Defaults to false. When set to true, Transfer will drop columns in the destination when Transfer detects that the source has dropped these columns. This column should be turned on if your organization follows standard practice around database migrations. This is available starting transfer:1.4.4.

*.topicConfigs[0].softDelete

Defaults to false. When set to true, Transfer will add an additional column called __artie_delete and will set the column to true instead of issuing a hard deletion. This is available starting transfer:1.4.4.

*.topicConfigs[0].skippedOperations

Comma-separated string for Transfer to specified operations. Valid values are:

c (create)
r (replication or backfill)
u (update)
d (delete)

Can be specified like: c,d to skip create and deletes. This is available starting transfer:2.2.3

*.topicConfigs[0].skipDelete

This is getting deprecated in the next Transfer version. Use skippedOperations instead.
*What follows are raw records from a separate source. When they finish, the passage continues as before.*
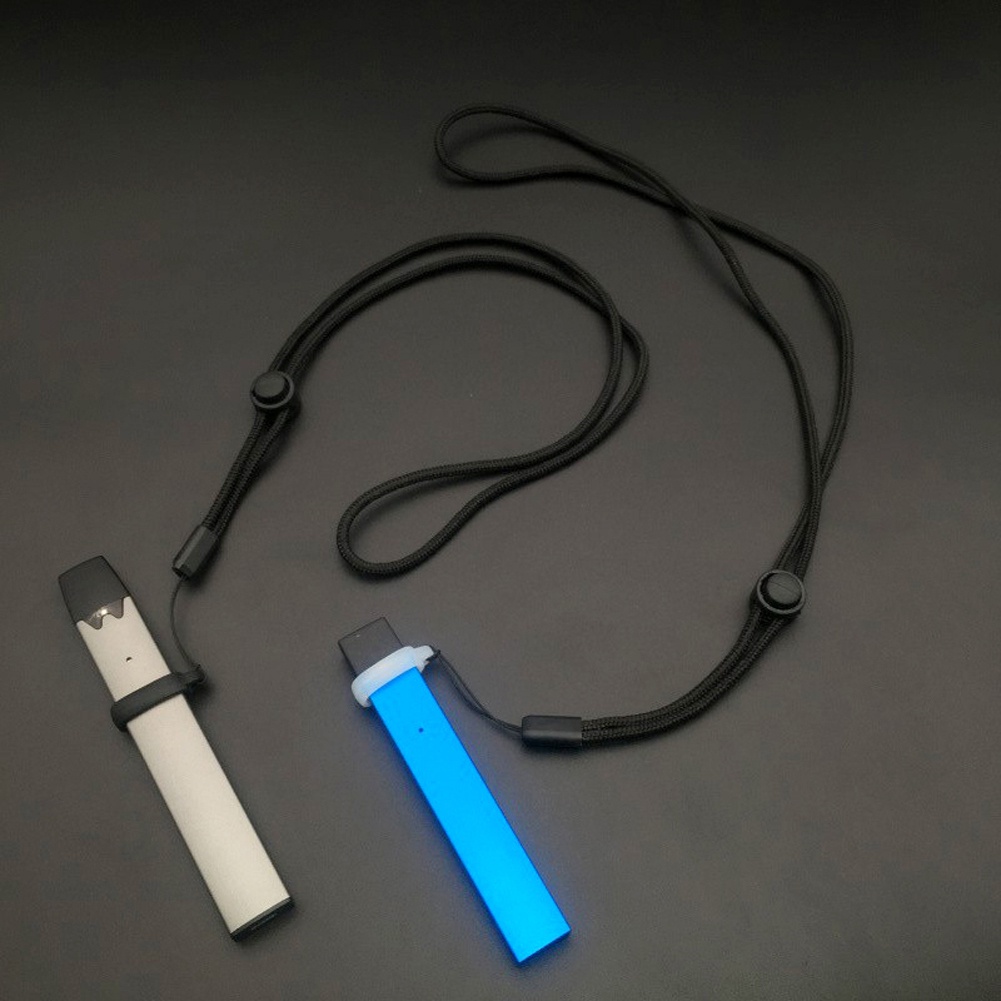 Dây Đeo Cổ Màu Đen Chống Thất Lạc Cho Bút Novo Minifit JUU Vape
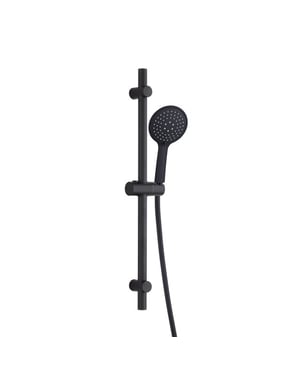 Luzzo ® flat design douche glijstangset 3 standen douche -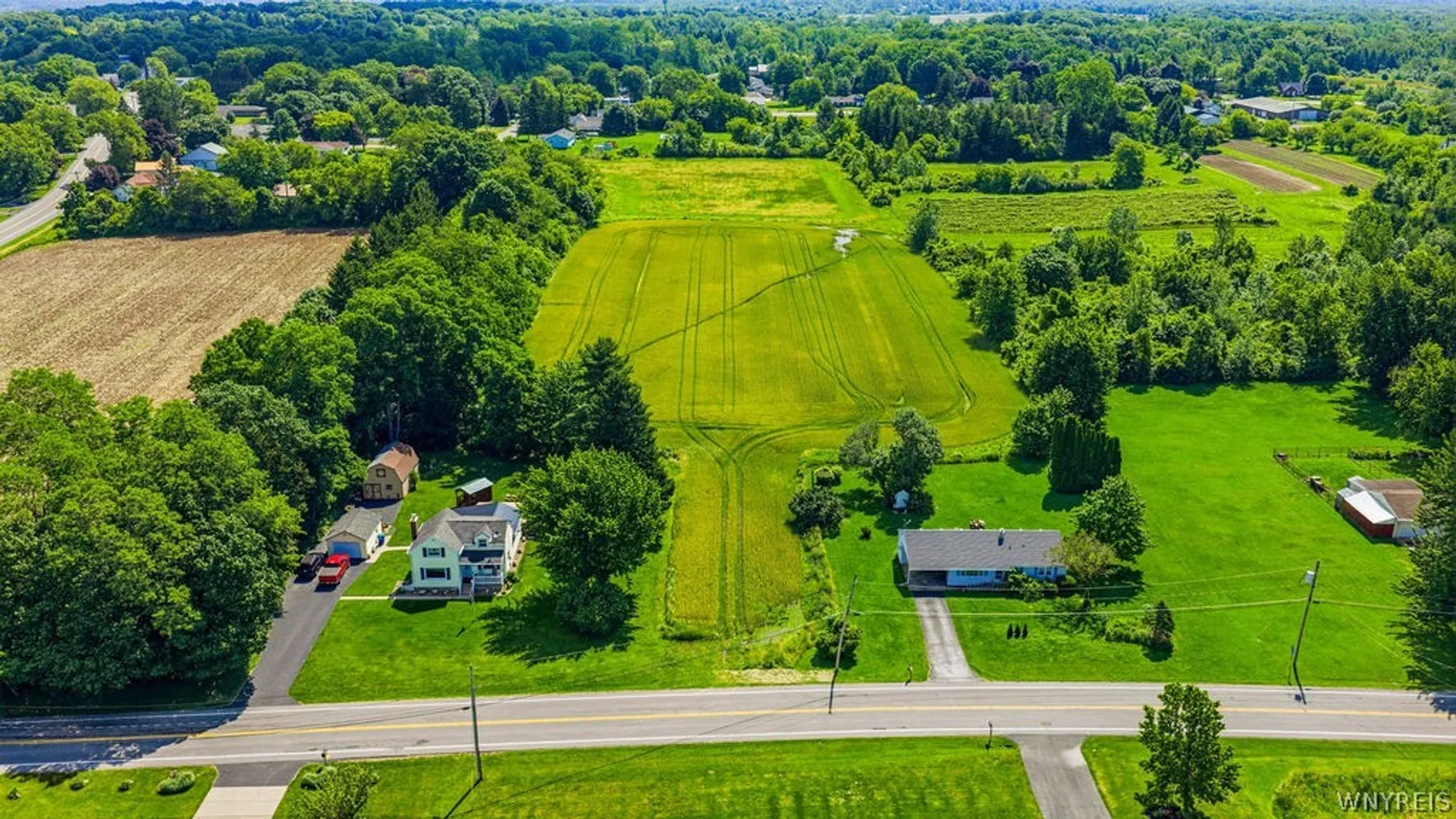 Property at V/L Bridgeman (#2) Road, Lewiston, NY 14092 2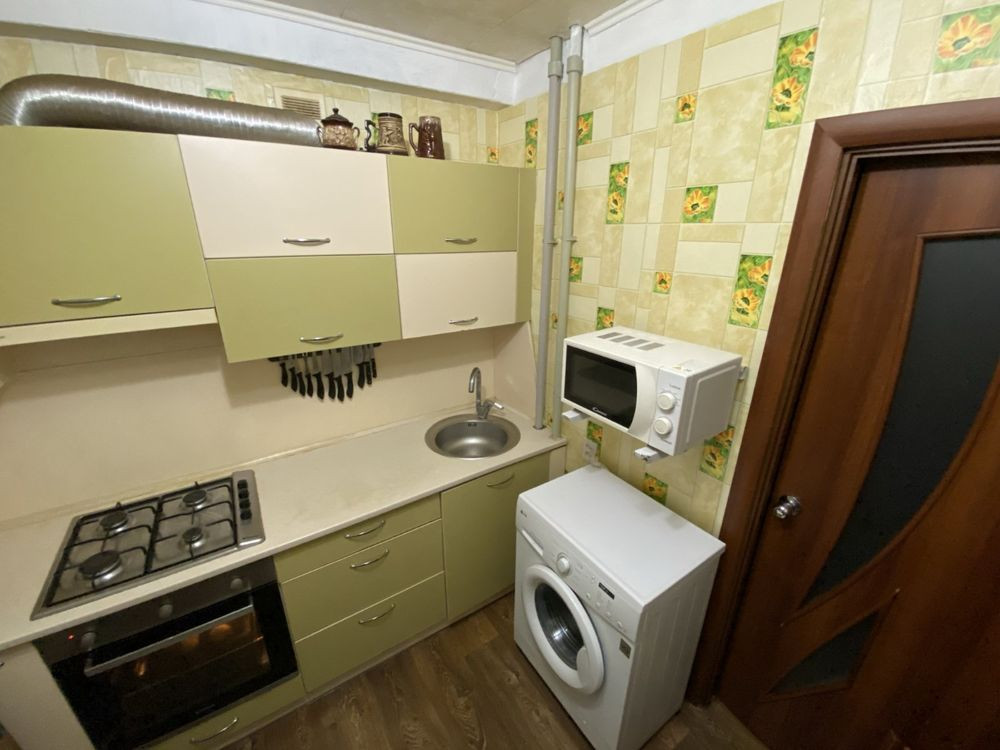 Добра 1-кв квартира по вул Історична Запорожье - изображение 6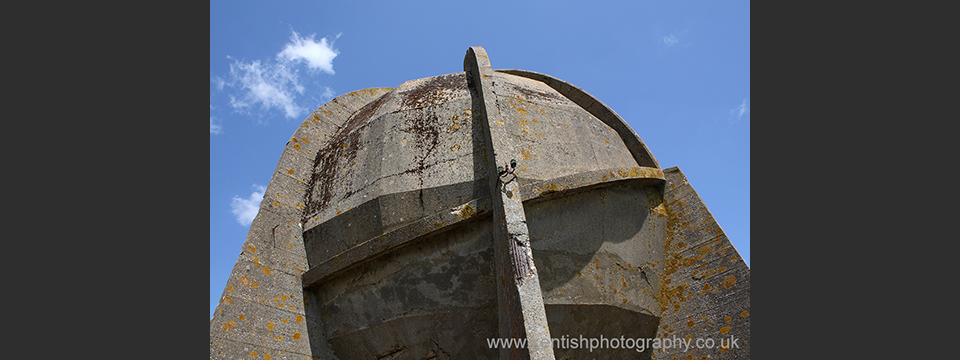 Lydd Sound Mirrors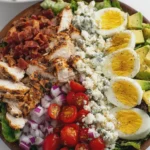 Chicken Cobb Salad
Defaults to false. When set to true, Transfer will skip the delete events. This is available starting transfer:2.0.48

*.topicConfigs[0].includeArtieUpdatedAt

Defaults to false. When set to true, Transfer will emit an additional timestamp column named __artie_updated_at which signifies when this row was processed. This is available starting transfer:2.0.17

*.topicConfig[0].includeDatabaseUpdatedAt

Defaults to false. When set to true, Transfer will emit an additional timestamp column called __artie_db_updated_at which signifies the database time of when the row was processed. This is available starting transfer:2.2.2+

*.topicConfigs[0].bigQueryPartitionSettings

Enable this to turn on BigQuery table partitioning. This is available starting transfer:2.0.24

BigQuery Partition Settings

This is the object stored under Topic Config.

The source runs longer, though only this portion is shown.